Proponents of these regulations argued they were trying to protect consumers. "Our biggest fear, of course, is identity theft,” Florida Atty. Gen. Pam Bondi told Fox News in 2013.
But consumer advocates, patients groups and others saw the rules as another tactic to weaken the law. Missouri’s regulations were so restrictive that they were thrown out by a federal judge, who concluded state leaders were trying to undermine the marketplace.
Insurance regulators in more than three dozen states, facing a backlash from consumers, also refused to move customers with health plans that predated the health law into the marketplaces.
And 19 states are still rejecting federal aid to expand their Medicaid programs to poor, childless adults, a group of Americans traditionally excluded from the government safety net.

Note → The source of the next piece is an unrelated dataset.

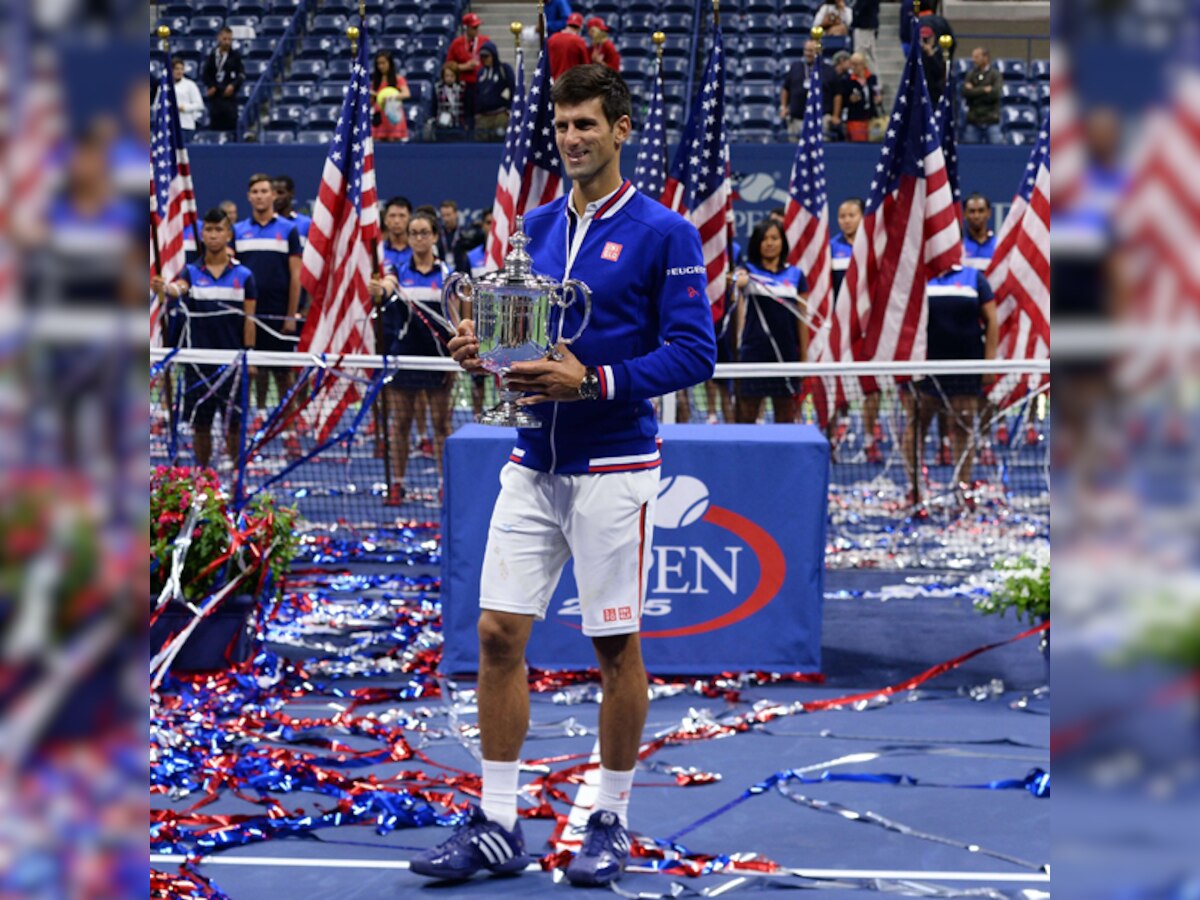 All you need to know about US Open champ Novak Djokovic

This has been particularly problematic for those states’ marketplaces, research suggests, as many poor – and probably sick – residents who couldn’t get Medicaid have gone into the marketplaces.
Federal data indicate that more than 40% of marketplace enrollees in states that didn’t expand Medicaid earn less than 138% of the federal poverty level, or about $16,000 a year.
By contrast, less than 10% of marketplace enrollees in states that expanded Medicaid are so poor.
Americans making less than 138% of the federal poverty level qualify for Medicaid coverage in expansion states.
Obama administration officials are now working to adjust marketplace rules for 2018 in an effort to bring in more younger, healthier customers.
And last week, Health and Human Services Secretary Sylvia Burwell sounded an upbeat note, explaining that the new rules should make the marketplaces more attractive for insurers in the future.
It remains to be seen whether more states will help, however.
“We had community after community saying, ‘Let’s make this work,’” said Lee in California. “That made a difference.”